A mudança no paladar do capitão é inequívoca, tanto que congelou a lava jato. Não se faz omeletes sem quebrar os ovos. Eles foram quebrados no COAF, na liminar pró Flávio Bolsonaro, na lei de abuso de autoridade, no fundo eleitoral, no Juiz de garantias, na indicação de Augusto Aras, nos cargos ao centrão, ao desossar de Sérgio Moro e na aproximação com a ala garantista do STF. Tudo contra o cerco do Ministério Público do Rio de Janeiro, prestes a denunciar o 01. O STF se mostra como um santuário para proteger os filhos, terminar o mandato e tentar a reeleição.
Com a casa sob nova administração o sushiman Paulo Guedes assiste, defumado, sua lâmina perder o fio enquanto aquecem o fogo de sua cocção. O centrão mandando no estoque da cozinha significa resistências às privatizações, aos cortes e até o teto do restaurante está ameaçado. O centrão tem o liberalismo retórico, desmentido pelo apreço ao estado inchado, aparelhamento da máquina pública, aumento de gastos sociais e pouco apetite por desestatizações. Quando a comida fica com o gosto amargo costumam abandonar a boca livre, como fizeram com Fernando Collor e Dilma Roussef.

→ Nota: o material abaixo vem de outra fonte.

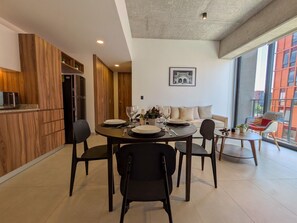 A modern kitchen with built-in appliances, a dining area with a round table and chairs, and a large window offering a view of the city. - Moderno Loft en Av. México | Ubicación Premium (Guadalajara)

Nas redes sociais o verbo jantar ganhou novas acepções. Está associado ao conceito de que alguém se deu bem e “jantou” oponentes em um embate, ou seja, venceu. O bolsonarismo raiz, lavajatistas, Sérgio Moro, o Muda Senado, o PSL e fascistas têm na ponta da língua a resposta amarga ao título: Afinal, quem veio para jantar? Todos sabem que, pela voracidade, o centrão não veio apenas para o jantar, mas para o almoço, o café da manhã, lanchinhos, convescotes e outras boquinhas. Há anos eles ocupam as melhores mesas, usam os talheres de prata e saboreiam os melhores cortes. O Brasil reingressou no mapa da fome e eles não largam o osso.